Bajo tu hechizo, n.º 1502 - septiembre 2014
Título original: Champagne Girl
Publicada originalmente por Silhouette® Books.
Publicada en español en 2004
Todos los derechos están reservados incluidos los de reproducción, total o parcial. Esta edición ha sido publicada con autorización de Harlequin Books S.A.
Esta es una obra de ficción.
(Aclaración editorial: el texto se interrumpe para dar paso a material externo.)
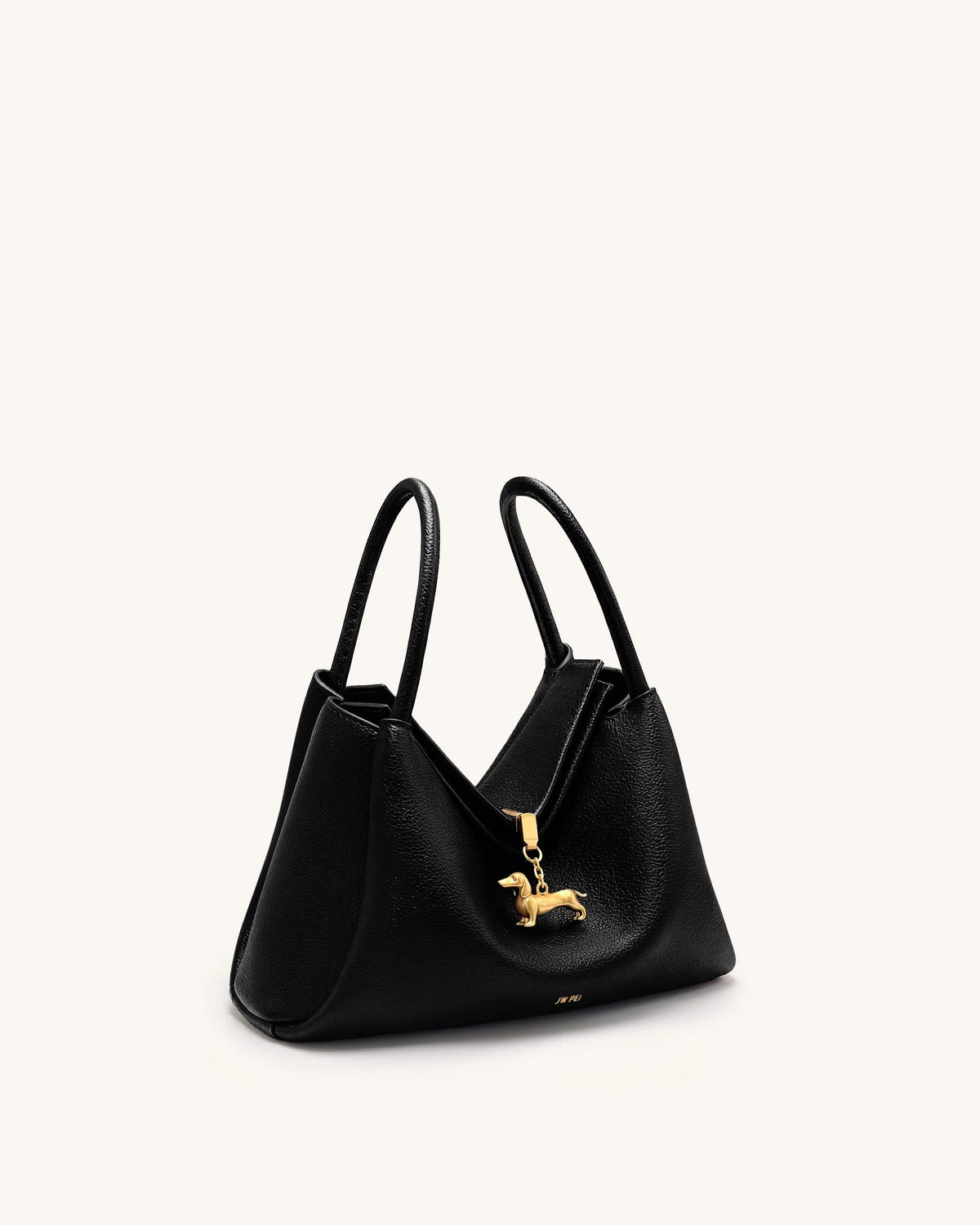 Maelle Dachshund Charm Double Handle Bag - Black | JW PEI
Nombres, caracteres, lugares, y situaciones son producto de la imaginación del autor o son utilizados ficticiamente, y cualquier parecido con personas, vivas o muertas, establecimientos de negocios (comerciales), hechos o situaciones son pura coincidencia.
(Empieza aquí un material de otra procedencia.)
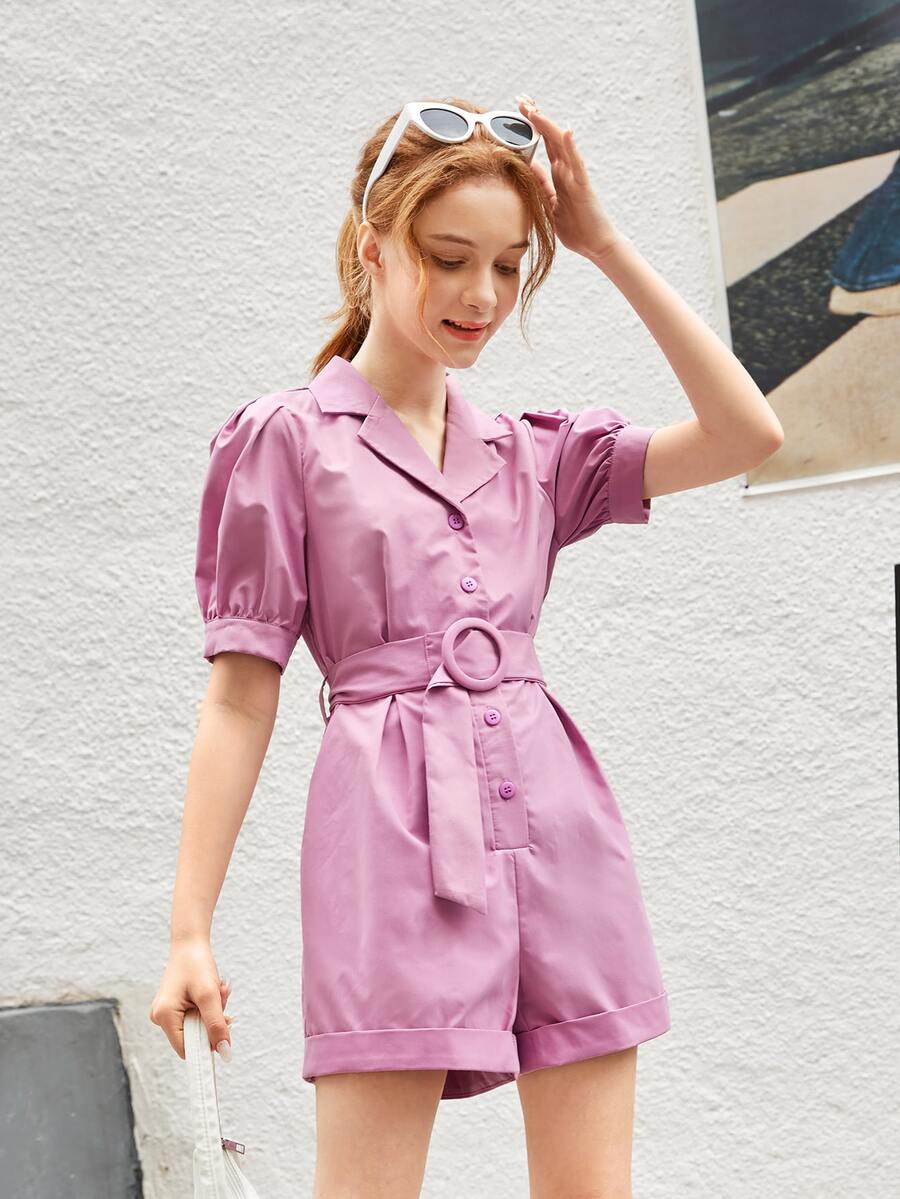 SHEIN Áo liền quần Gái Thắt lưng Nút phía trước màu trơn Ăn mặc đẹp - Màu Lilac Tím - Xem 1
® Harlequin, Julia y logotipo Harlequin son marcas registradas propiedad de Harlequin Enterprises Limited.
® y ™ son marcas registradas por Harlequin Enterprises Limited y sus filiales, utilizadas con licencia. Las marcas que lleven ® están registradas en la Oficina Española de Patentes y Marcas y en otros países.
Imagen de cubierta utilizada con permiso de Harlequin Enterprises Limited. Todos los derechos están reservados.
I.S.B.N.: 978-84-687-4642-5
Editor responsable: Luis Pugni
Conversión ebook: MT Color & Diseño
CATHERINE Blake esbozó una sonrisa cuando tomó la curva y divisó el arco de entrada que tan bien conocía. Comanche Flats era uno de los ranchos más grandes de la zona, además de su hogar, y aunque Matt, que era algo así como un primo segundo político, siempre estaba encima de ella, como si fuera una niña pequeña, estaba deseando ver a su madre y a sus otros dos primos y contarles la gran noticia.
Detuvo su Volkswagen frente a la enorme casa de estilo colonial bajo el cielo nublado, y fue al maletero a sacar la bolsa de viaje.
Un par de semanas atrás había obtenido su licenciatura de Periodismo en la Universidad de Fort Worth, y se sentía orgullosísima. Los cuatro años que habían durado sus estudios había estado alojada en una residencia para chicas, pero los fines de semana los había pasado en el rancho. Aquella había sido la condición de Matt para dejarla ir, y aunque a Catherine le sacaba de quicio que le pusiera trabas constantemente, no había tenido más remedio que ceder.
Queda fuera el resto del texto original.